Requirement:
The copy you produce must hold every record exactly, and none of the images.

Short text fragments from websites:

* * *

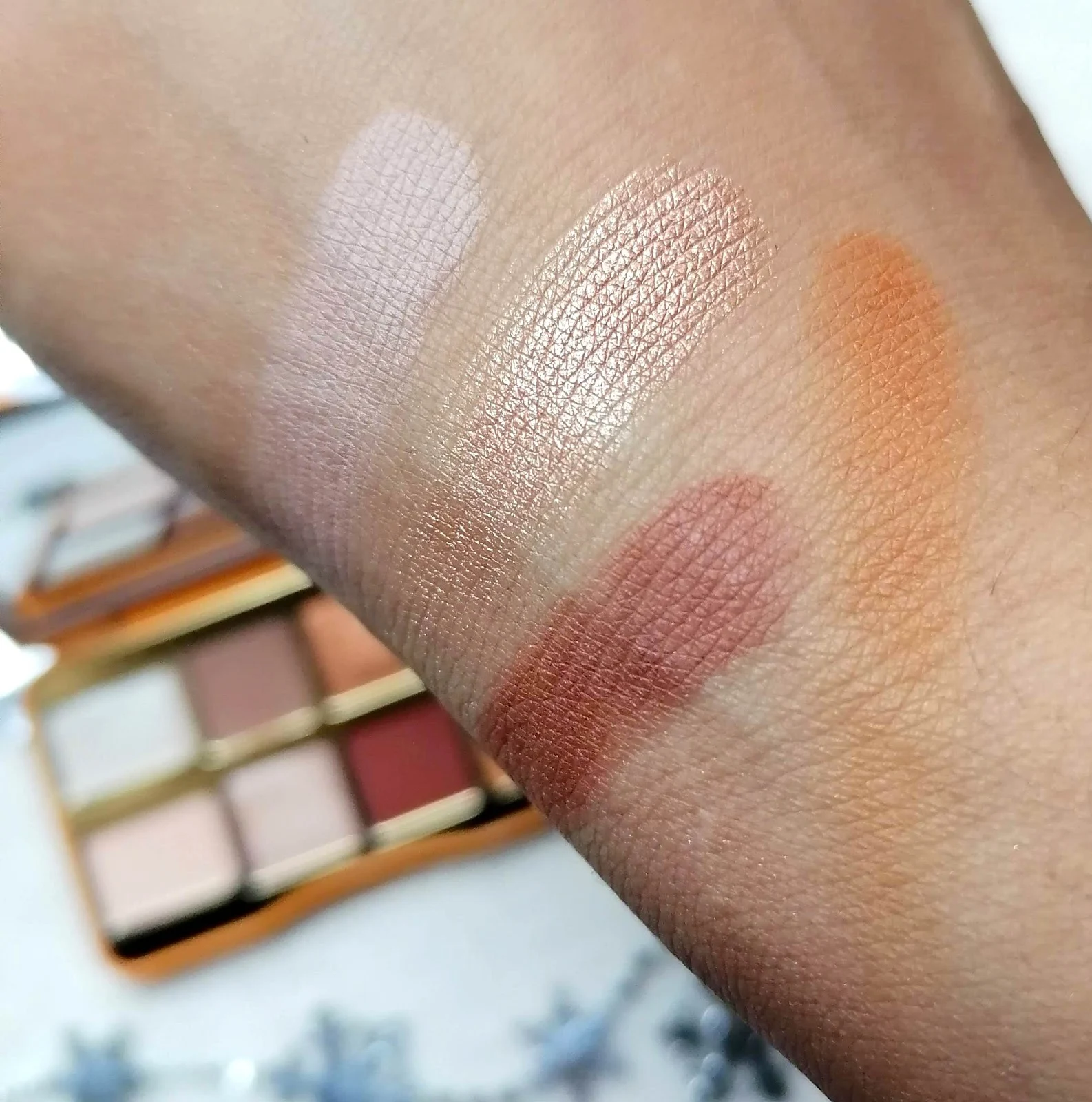 Hot Buttered Rum palette de TOO FACED (swatch)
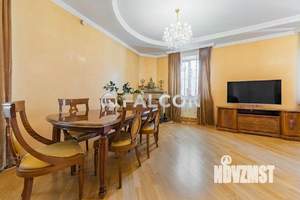 Дом 629м², 3-этажный, участок 9 сот.  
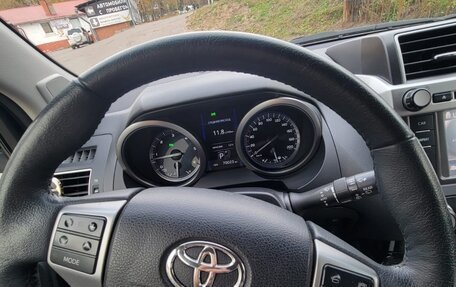 Toyota Land Cruiser Prado 150 рестайлинг 2, 2018 год, 5 750 000 рублей, 3 фотография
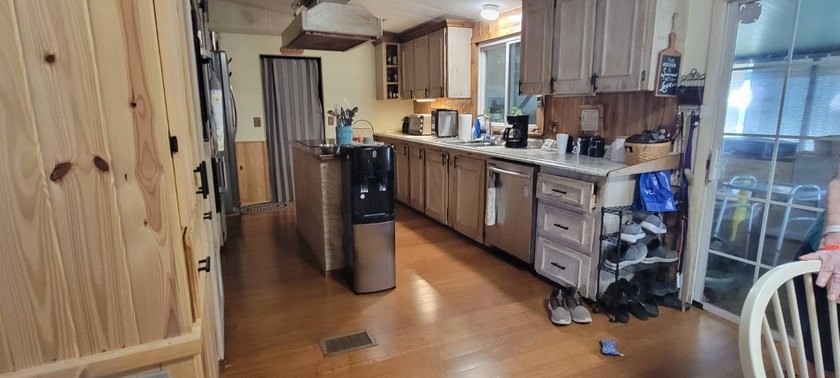 Best Deal in Meadowlea Village.....Welcome to your new home - photo 6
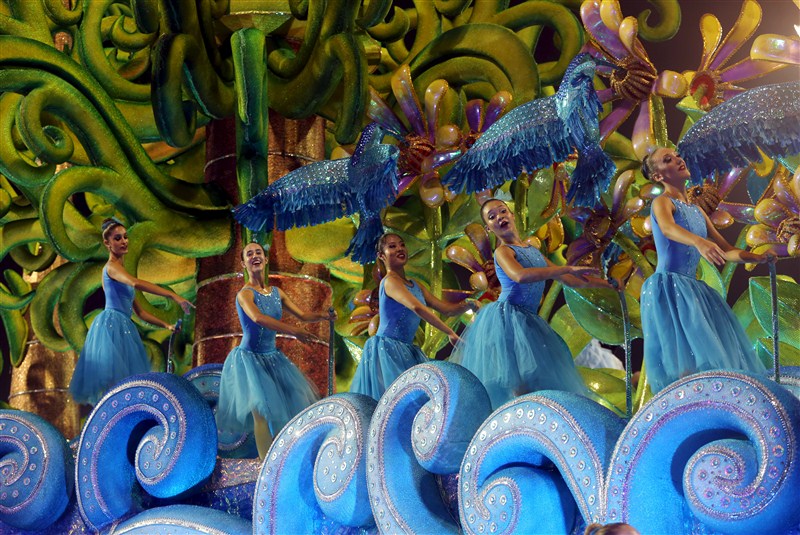 Hundreds and thousands of visitors head for the Carnival in Sao Paulo every year, not just to party but also to experience true Afro-Brazilian culture. Sao Paulo Carnival Celebrations,Sao Paulo Carnival,Carnival Celebrations 2016,Carnival Celebrations,Afro-Brazilian culture,Afro-Brazilian,Carnival in Sao Paulo,Carnival Sao Paulo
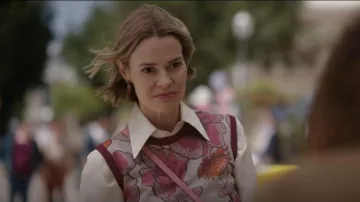 Gucci Nojum Lurex Floral Vest worn by Alice Pieszecki (Leisha Hailey) as seen in The L Word: Generation Q (S03E01)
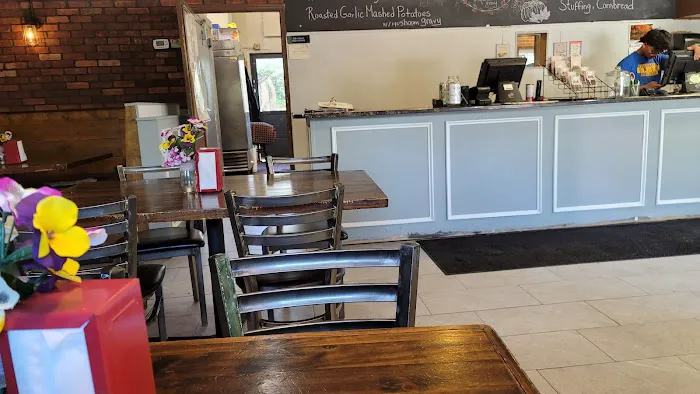 THAT PIZZA PLACE IN LEVITTOWN Picture 1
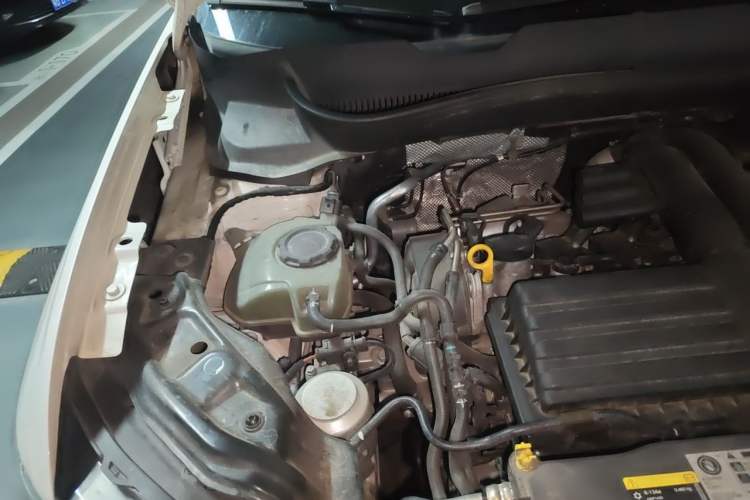 Used Volkswagen T-Cross 2019 280TSI DSG Luxury Edition Engine Bay Right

* * *

Answer to the exercise:
 Hot Buttered Rum palette de TOO FACED (swatch)
 Дом 629м², 3-этажный, участок 9 сот.  
 Toyota Land Cruiser Prado 150 рестайлинг 2, 2018 год, 5 750 000 рублей, 3 фотография
 Best Deal in Meadowlea Village.....Welcome to your new home - photo 6
 Hundreds and thousands of visitors head for the Carnival in Sao Paulo every year, not just to party but also to experience true Afro-Brazilian culture. Sao Paulo Carnival Celebrations,Sao Paulo Carnival,Carnival Celebrations 2016,Carnival Celebrations,Afro-Brazilian culture,Afro-Brazilian,Carnival in Sao Paulo,Carnival Sao Paulo
 Gucci Nojum Lurex Floral Vest worn by Alice Pieszecki (Leisha Hailey) as seen in The L Word: Generation Q (S03E01)
 THAT PIZZA PLACE IN LEVITTOWN Picture 1
 Used Volkswagen T-Cross 2019 280TSI DSG Luxury Edition Engine Bay Right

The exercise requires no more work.